Welcome to Amazon EFS Developer Zone

Welcome to Amazon Elastic File System(Amazon EFS) Developer Zone, your one shop store for all things around Amazon EFS and beyond. This page is intended to all the builders who are new to Amazon EFS and would like to learn more about it. You will also get a better understanding of how Amazon EFS works and integrates with other AWS services and most importantly how you can leverage Amazon EFS for your application, whether your application runs on virtual machine, container, or is completely serverless.

Introduction

So, before we get started let’s first spend sometime to understand what is Amazon EFS. At its core it is a simple, serverless, set-and-forget cloud-native, elastic file system designed to be consumed at scale from on-prem or from any AWS compute service, including container and serverless services (like Amazon ECS, Amazon EKS, AWS Fargate and AWS Lambda). So, thats quite mouthsome, lets break it down and start from the basics. Amazon EFS is a network share storage service, which you can be used to store your application data, and can be accessed by multiple compute services at the same time and is completely serverless.

You can access Amazon EFS from:

So, if you are an application developer, what this means to you is that, you can use Amazon EFS for :

  • Mounting the EFS file system on your virtual machine and share the data across multiple virtual machine and use it as a local storage
  • Your containerised application, e.g with Docker and use that as a docker volume
  • Your containerised application in the Kubernetes envionment as a storageclass. And the file system can be used by the application(pod) using a PersistentVolumeClaim object.
  • Your Machine Learning pipeline(training and inference), where your training dataset or model artifacts can be saved on this shared file system.

The Amazon EFS file system is built to scale on demand to petabytes without disrupting applications. EFS is a fully-managed service that makes it easy to set up and scale file storage in the Amazon Cloud. And hence it provides elastic storage capacity with a pay for what you use scheme (in contrast to EBS with which you pay for what you provision). EFS is elastic and grows and shrinks as you add and remove data.

Recent Announcements

Announcement Date Blog Post
Amazon EFS Replication 25th Jan 2022 Link
Amazon EFS Sub-Millisecond Read Latency 14th Feb 2022 Link

How Amazon EFS Works

Now, let’s get dive deep and understand how it works. Let’s take a closer look at how Amazon EFS works, compared to Amazon Elastic Block Store (EBS) and the instance store. If we look at the image bellow, we will see that an EBS volume is tied to a data center (also called an AZ) and can only be attached over the network to a single EC2 instance from the same data center. Typically EBS volumes are used as the root volumes that contain the operating system, or for relational database systems to store the state. An instance store consists of a disk which directly attached to the hardware the EC2 instance is running on. An instance store can be regarded as ephemeral storage, and is therefore used for caching or for NoSQL databases with embedded data replication only. The data in an instance store persists only during the lifetime of its associated instance. If an instance reboots (intentionally or unintentionally), data in the instance store persists. However, data in the instance store is lost if the instance stops or hibernates or terminates or the underlying disk drive fails.

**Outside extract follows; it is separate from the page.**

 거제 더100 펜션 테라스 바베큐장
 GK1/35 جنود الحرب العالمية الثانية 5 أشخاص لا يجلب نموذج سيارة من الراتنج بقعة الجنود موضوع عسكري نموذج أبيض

In contrast, the EFS filesystem can be used by multiple EC2 instances(and any other compute resources like Amazon EKS, Amazon ECS, AWS Fargate, or AWS Lambda) from different availability zone within a region, across a region all in parallel. Additionally, Data is protected with high durability and availability within an Availability Zone and an AWS Region, with an optional functionality to replicate and protect the data across AWS Regions.

There are two main components to know about:

  • FileSystem : Stores your data
  • Mount target : Makes your data accessible

The filesystem is the resource that stores your data within a AWS region, but you can’t access it directly. To do so, you must create an EFS mount target in a subnet. The mount target provides a network endpoint that you can use to mount the filesystem on an EC2 instance via NFSv4.1. You can create one mount target in each Availability Zone in an AWS Region. If there are multiple subnets in an Availability Zone in your VPC, you create one mount target in one of the subnets.

Creating a File System

The filesystem is the resource that stores your files and directories. EFS grows with your storage needs. You don’t have to provision the storage up front. The filesystem is located in an AWS region and stores your data under the covers across multiple availability zones within that region.

You can create an EFS file system via, AWS Console, CLI, or API(via SDK). And here we will use AWS CloudFormation to set up the filesystem now.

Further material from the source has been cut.